- [GOAL OF THE EXERCISE]: Verbatim output of the lines below is required, with the images omitted.

- [DATA SEGMENT]:
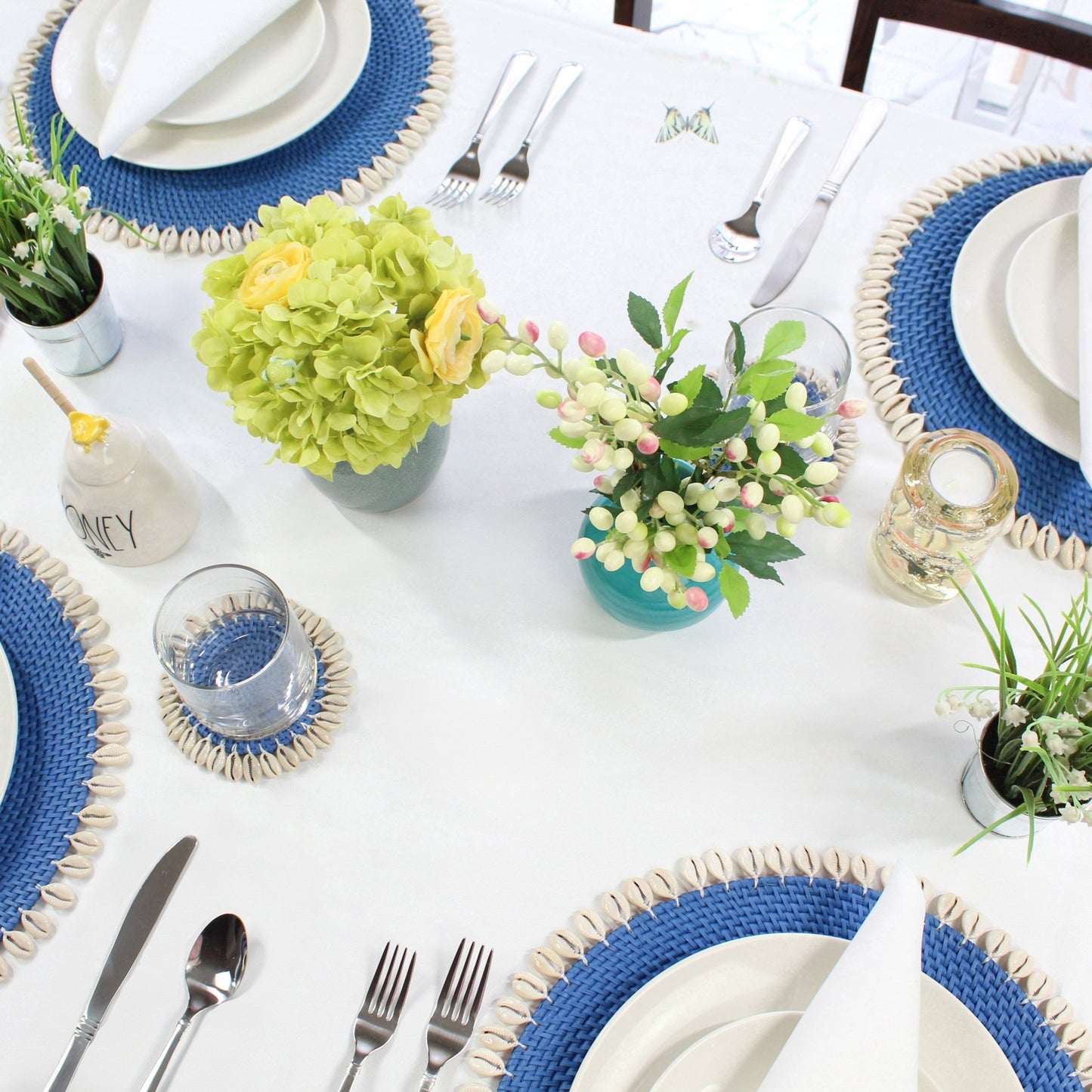 Coastal dining table styled with blue seashell-trimmed rattan placemats, white plates, floral centerpiece, and silver cutlery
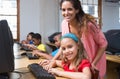 Cute pupils in computer class with teacher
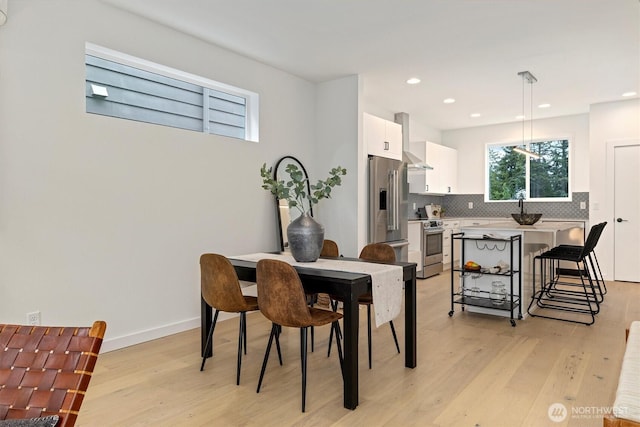 1323 N 185th St Unit A, Shoreline, WA 98133 - dining area with light wood-style flooring and recessed lighting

- [SOLVED EXERCISE]:
 Coastal dining table styled with blue seashell-trimmed rattan placemats, white plates, floral centerpiece, and silver cutlery
 Cute pupils in computer class with teacher
 1323 N 185th St Unit A, Shoreline, WA 98133 - dining area with light wood-style flooring and recessed lighting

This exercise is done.